The use of this charge makes a mockery out of the presumption of innocence and the right to remain silent. If one is presumed innocent, then the only matter for the jury to determine is whether the state has proven otherwise.

I was nearly thrown in jail on a contempt charge on Monday when I objected to this very language. I objected outside the presence of the jury and presented a proposed charge that said the duty of the jury was to determine whether the state had proved each and every element of its case beyond all reasonable doubt. (As an aside, since Judge Atkinson resigned his post as of September 30, a visiting judge was appointed to sit on the bench until the election.)

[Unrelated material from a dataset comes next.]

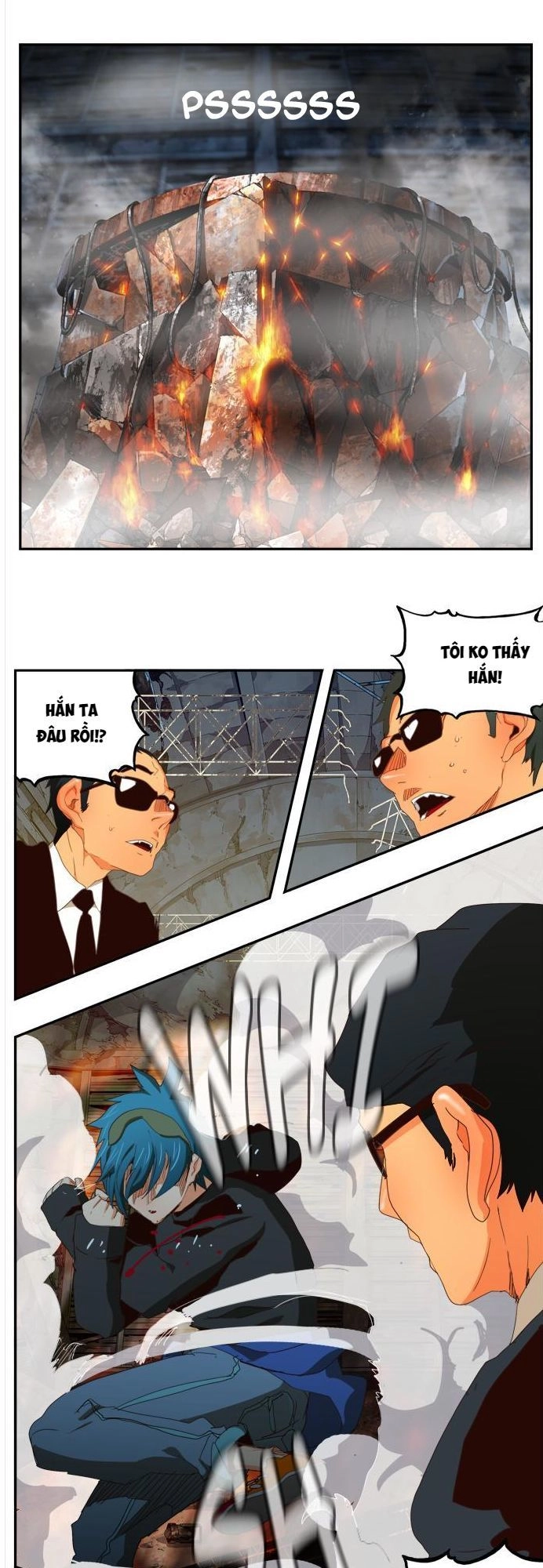 Chúa Tể Học Đường Chapter 372 - 45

The judge, without concern for the constitutional rights of my client, overruled my objections and rejected my proposed language and proceeded to read the charge, as is, to the jury. When I objected to that language as the judge read the charge, he threatened me with contempt if I interrupted him again. My co-counsel then quickly drafted a motion for a personal bond while he waited to see if I would rise to object yet again.

Read the court's proposed charge. Draft your own proposed charge. Object like hell if the language shifts the burden of proof to your client. Change never occurs because someone sat down politely and didn't raise his voice. Change happens when men and women of conscience stand up and fight for their cause.